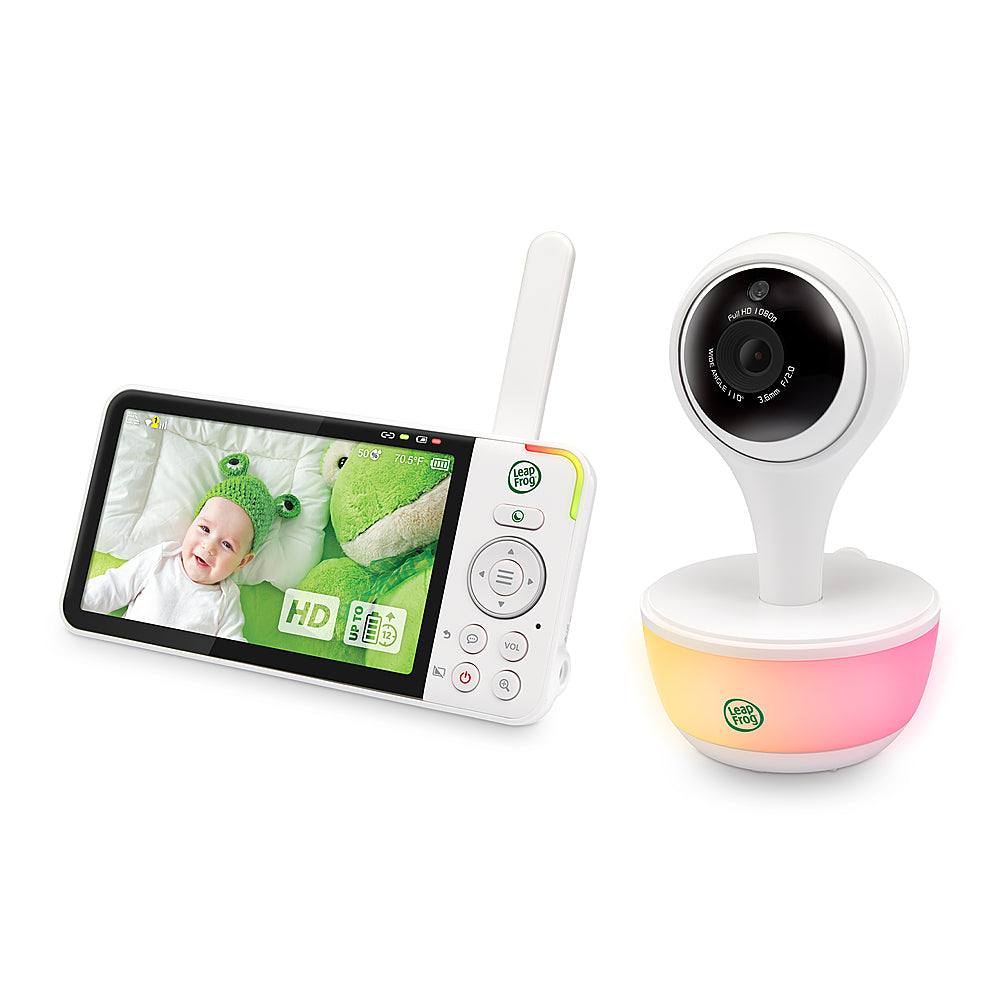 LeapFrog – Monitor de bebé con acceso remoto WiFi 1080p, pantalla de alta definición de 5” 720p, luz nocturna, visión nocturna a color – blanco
● ● ● ●
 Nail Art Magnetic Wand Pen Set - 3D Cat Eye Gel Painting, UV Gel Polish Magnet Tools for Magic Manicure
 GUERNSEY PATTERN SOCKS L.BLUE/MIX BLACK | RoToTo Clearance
● ● ● ●
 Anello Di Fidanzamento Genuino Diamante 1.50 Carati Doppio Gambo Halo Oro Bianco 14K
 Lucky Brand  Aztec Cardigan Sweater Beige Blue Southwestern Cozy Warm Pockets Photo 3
● ● ● ●
Please return the lines above that run from the line containing "Anello Di Fidanzamento" to the line containing "Pockets Photo 3", inclusive, exactly and with no other lines.

 Anello Di Fidanzamento Genuino Diamante 1.50 Carati Doppio Gambo Halo Oro Bianco 14K
 Lucky Brand  Aztec Cardigan Sweater Beige Blue Southwestern Cozy Warm Pockets Photo 3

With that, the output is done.